2 settembre 2013

Fuori tema - La testimonianza di un 22enne novarese nei Territori palestinesi con un'organizzazione per i diritti umani VIDEO

Questa è l’esperienza di Taylor (lo pseudonimo utilizzato da Claudio, un ragazzo di 22 anni di Novara) che da pochi giorni è tornato da un’esperienza di attivismo in Palestina con l’ “International solidarity movement” (Ism) un’organizzazione che si spende a favore dei diritti umani in quel territorio. Un’esperienza particolarmente “forte” e pericolosa «che ho voluto fare per toccare con mano qual è la situazione palestinese e l’oppressione alle libertà fondamentali che Israele sta perpetrando».
Come sei venuto a conoscenza dell’attività dell’Ism? «Mi sono avvicinato recentemente ai temi di politica estera e alla questione palestinese approfondendola negli studi e quindi conoscendo l’attività dell’attivista Vittorio Arrigoni che è stato ucciso in circostanze ancora da chiarire nella Striscia di Gaza. Mi sono, quindi, interessato all’attività dell’Ism, di cui faceva parte, e ho contattato alcuni membri partecipando ad un momento di formazione a Milano. Ho quindi deciso di partire per Israele, da solo, nel mese di luglio».
Con che intenti sei arrivato in Israele? «L’obiettivo dell’organizzazione è, in primo luogo, raccontare e documentare l’occupazione isaeliana della Palestina e fungere da deterrente agli attacchi da parte di soldati o dei coloni (che paradossalmente sono più pericolosi dei soldati stessi). La mia esperienza si è svolta fra le città di Nablus e Hebron: Nablus è una tipica città araba della Cisgiordania a 60 chilometri a nord di Gerusalemme, attualmente  su “area A”, ossia è ad amministrazione palestinese; nonostante ciò, sulle due montagne che la circondano, Ebal e Garizim, ci sono due basi militari israeliane».

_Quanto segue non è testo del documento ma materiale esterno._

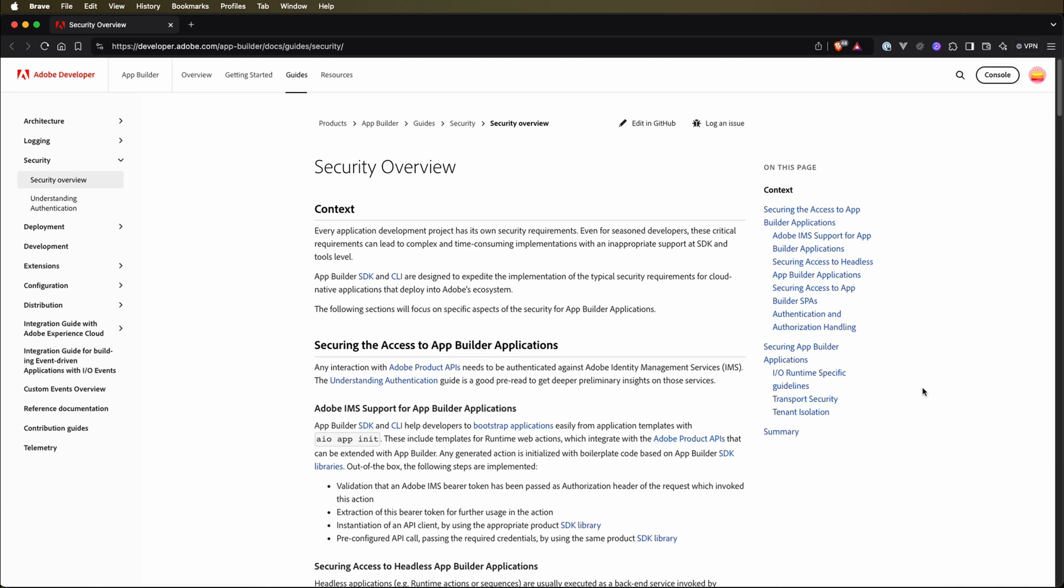This service, called the AIO Management API, is used to secure our apps. The older version used JWT tokens, but it has recently been updated to use OAuth. All the important details are on the security overview page. If you want to learn more, feel free to check it out, but I'll be simplifying the process for you here.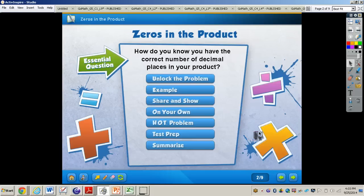In this video, we're going to be taking a look at zeros in the product, and you will need to turn in your GoMath book to page 191. The essential question is: how do you know you have the correct number of decimal places in your product?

Nella quotidianità hai percepito realmente l’odio tra i popoli di cui arriva eco in occidente? «In Israele ho immediatamente notato una forte militarizzazione che aumentava man mano che ci si avvicinava ai territori palestinesi. Si avvertiva una forte preoccupazione anche nei confronti degli europei: attivisti e giornalisti sono considerati “un pericolo” perché rappresentano in un certo senso una “garanzia” per il diritto dei palestinesi. Tra la popolazione civile, tuttavia, non ho notato un’ostilità manifesta, quanto dettata da una propaganda culturale».
Perché è così importante documentare l’attività di soldati e coloni palestinesi? «In primo luogo per promuovere una presa di coscienza in Occidente, in seconda battuta perché questa attività talvolta serve da deterrente per l’azione dei militari. I filmati parlano da soli…
Ad esempio, nei primi giorni di agosto, a Hebron ero con altri attivisti (un italiano e due danesi) abbiamo notiamo un gruppo di otto soldati che si aggirava per la parte palestinese della città. Era notte e chiunque incontrassero veniva messo faccia al muro e perquisito con qualsiasi pretesto. Quando hanno notato che li stavamo riprendendo (normalmente la legge vieta di riprendere i militari, ndr), hanno a loro volta iniziato a filmarci con l’intento di documentare la violazione e utilizzarla come pretesto per impedire un successivo soggiorno a Israele. Abbiamo quindi domandato loro il perché delle perquisizioni, e nonostante non ci siano state date risposte esaustive, dopo poco i militari hanno deciso di andarsene. Questo è solo un esempio di tante situazioni quotidiane che si verificano nei territori dove i Palestinesi dovrebbero invece vivere senza alcuna occupazione o presenza militare».
Un’altra situazione emblematica, di cui mi hai parlato, è quella degli scontri durante le manifestazioni di protesta da parte dei palestinesi. Come mai avvengono così sistematicamente? «I palestinesi continuano a portare avanti una resistenza ed un desiderio di autodeterminazione molto forti, quindi periodicamente organizzano delle manifestazioni contro l’occupazione dei Territori che seguono sempre un copione predeterminato: il corteo dei palestinesi viene puntualmente fermato dalla presenza dei soldati, che finiscono con il disperdere la folla con l’uso delle armi e della forza. Partecipando ad un corteo a Kafr Qaddum, una cittadina dalle parti di Nablus, i soldati israeliani hanno ad un certo punto iniziato a sparare lacrimogeni e proiettili di gomma sulla folla (al training mi avevano dato precise indicazioni su come comportarmi anche in questi casi) che ha iniziato a disperdersi. I ragazzi palestinesi hanno risposto con il lancio di pietre, reazione più simbolica che concreta. I soldati hanno quindi cercato di arrestare il maggior numero di manifestanti in fuga. Noi, come loro, ci siamo rifugiati in una casa palestinese, con gli occhi che ci bruciano e la fatica di respirare per via dei gas lacrimogeni».
Da osservatore occidentale, come credi possa evolversi la situazione pelestinese?«Purtroppo credo che la situazione non possa che peggiorare. Pur non essendo in presenza di un conflitto, l’occupazione militare rappresenta ormai una normalizzazione quotidiana. Israele non si sente toccato in alcun modo dall’opinione pubblica e dalla blanda pressione internazionale e anno dopo anno tende a “erodere spazio” attraverso l’occupazione militare. E questo l’aspetto più agghiacciante dell’apartheid messo in piedi da Israele».